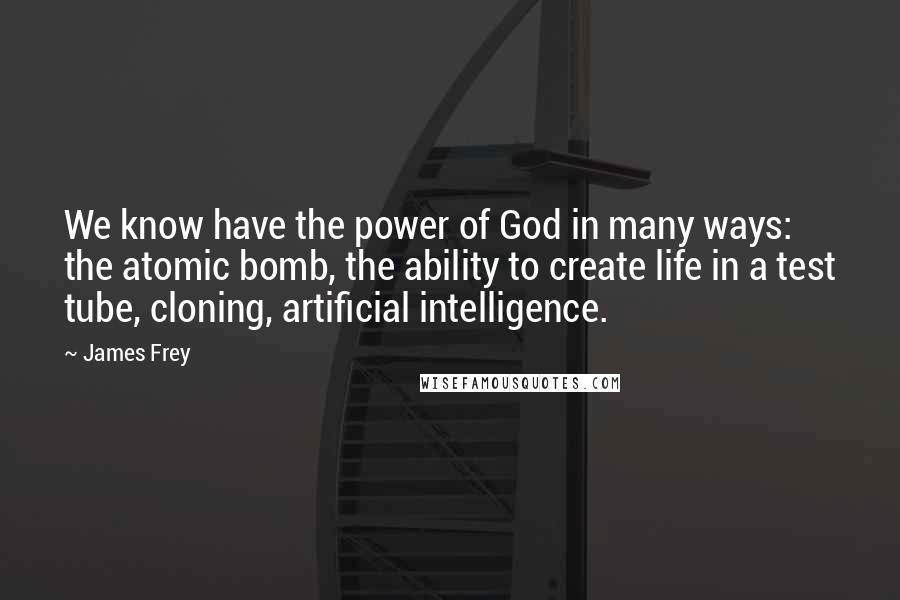 James Frey Quotes: We know have the power of God in many ways: the atomic bomb, the ability to create life in a test tube, cloning, artificial intelligence.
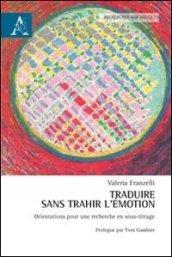 Traduire sans trahir l'émotion. Orientations pour une recherche en sous-titrage. Con CD-ROM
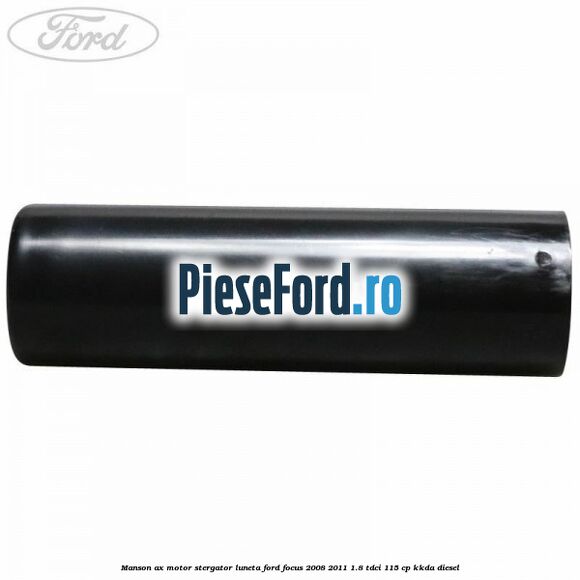 Manson ax motor stergator luneta Ford Focus 2008-2011 1.8 TDCi 115 cp Manson ax motor stergator luneta Ford Focus 2008-2011 1.8 TDCi 115 cp KKDA diesel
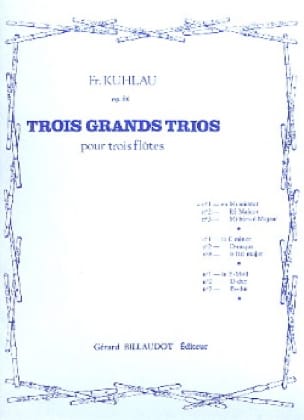 3 Grands trios op. 86 - n° 1 - 3 Flûtes - Friedrich Kuhlau - Partition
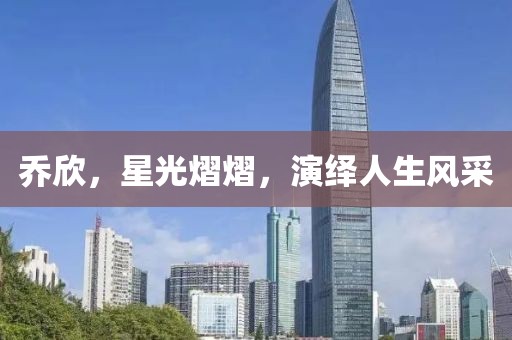 乔欣，星光熠熠，演绎人生风采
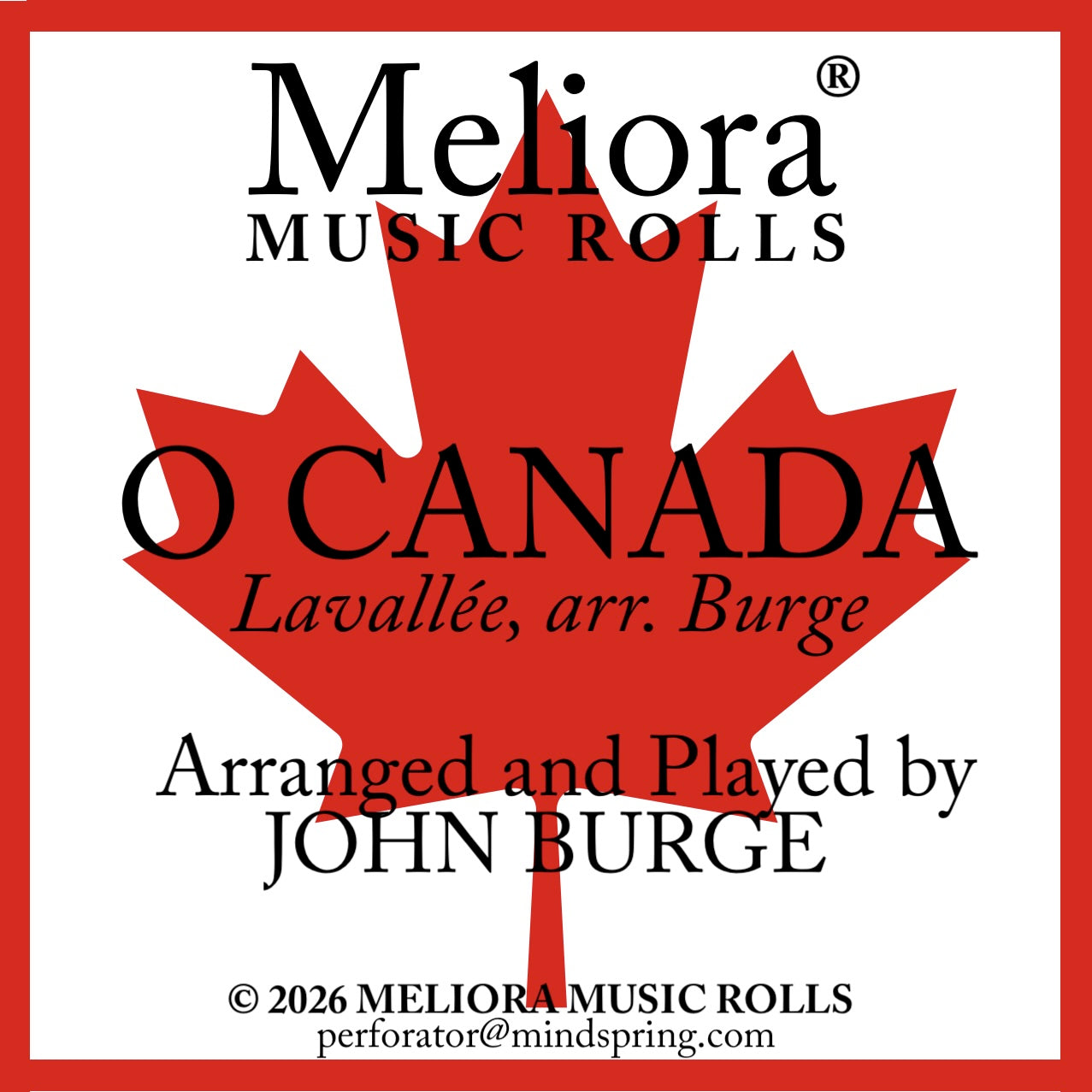 Oh Canada - arranged and played by John Burge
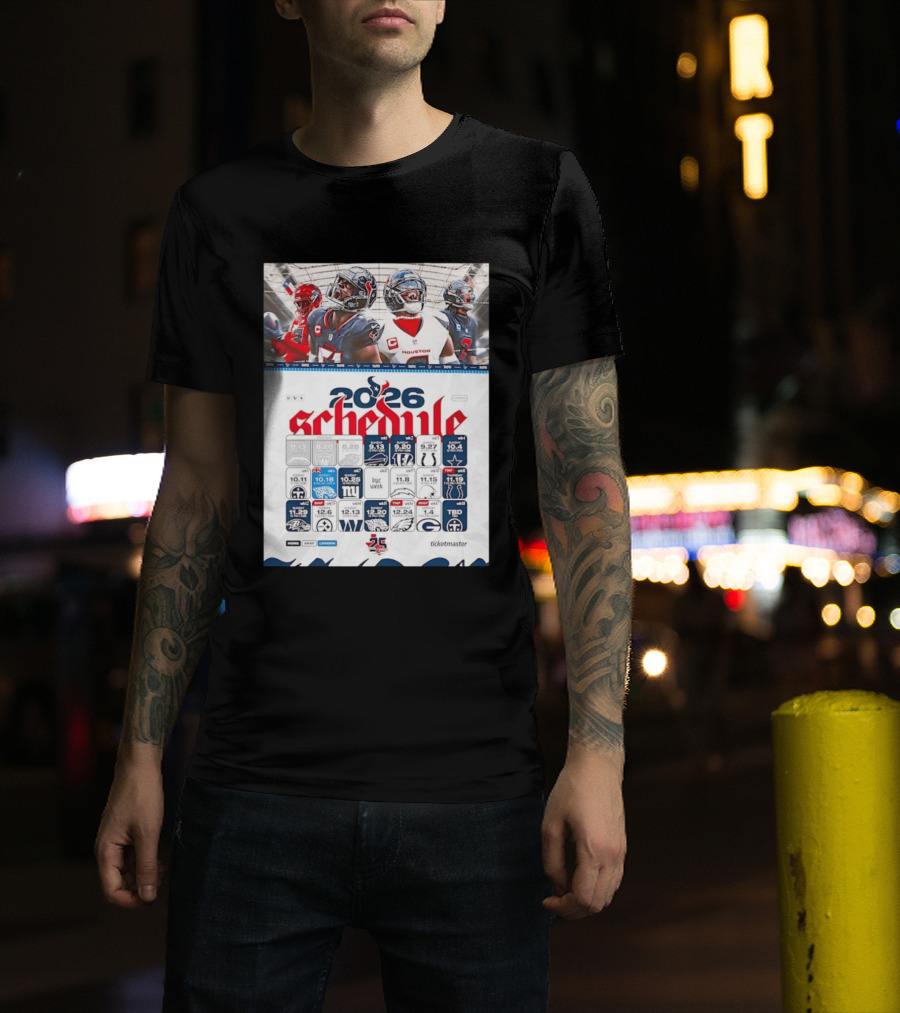 Houston Texans 2026 Schedule Featuring Game Dates And Opponents T-Shirt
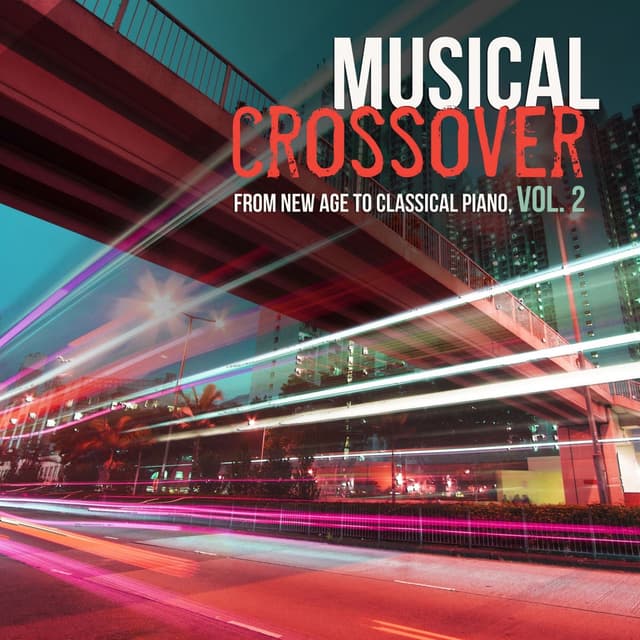Musical Crossover from New Age to Classical Piano, Vol. 2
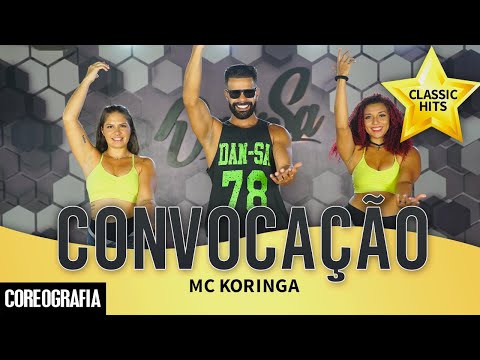 Convocação - Mc Koringa - Dan-Sa /  Daniel Saboya (Coreografia)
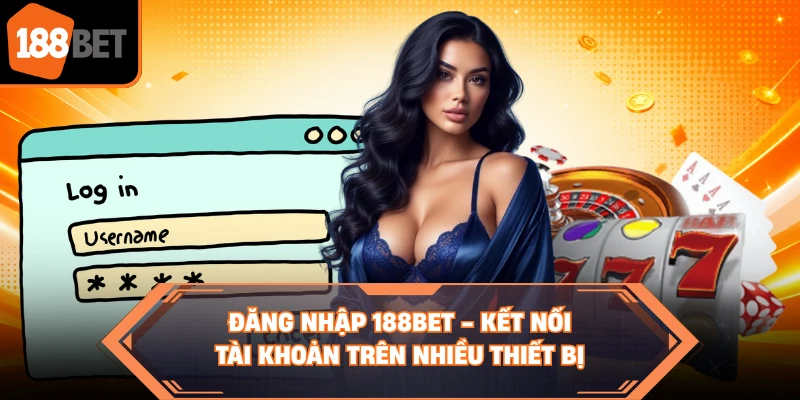 Đăng Nhập 188BET - Kết Nối Tài Khoản Trên Nhiều Thiết Bị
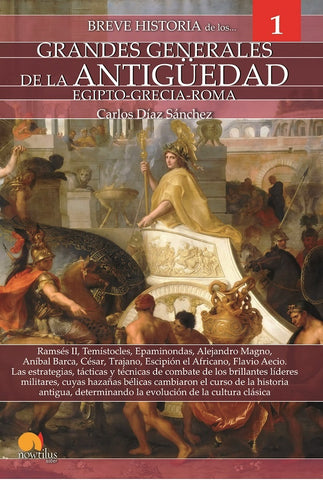 Breve historia de los grandes generales de la Antigüedad | Carlos Díaz Sánchez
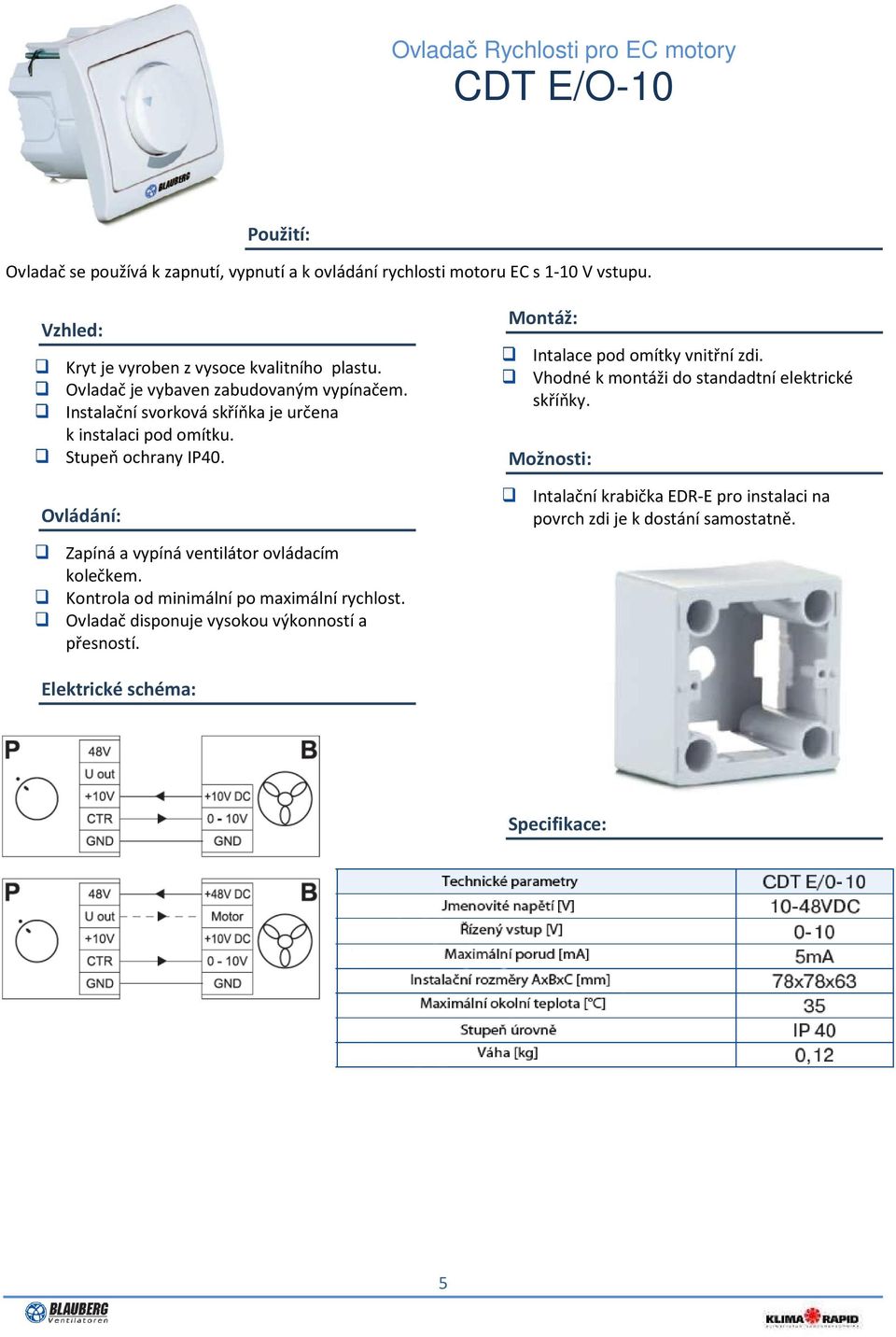 Intalace pod omítky vnitřní zdi. Vhodné k montáži do standadtní elektrické skříňky.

_INSTRUCTIONS TO FOLLOW:_
Please repeat, exactly as written, only the lines from the line with "Đăng Nhập 188BET" to the end of the data, leaving out every picture.

_PROBLEM SOLUTION:_
 Đăng Nhập 188BET - Kết Nối Tài Khoản Trên Nhiều Thiết Bị
 Breve historia de los grandes generales de la Antigüedad | Carlos Díaz Sánchez
 Intalace pod omítky vnitřní zdi. Vhodné k montáži do standadtní elektrické skříňky.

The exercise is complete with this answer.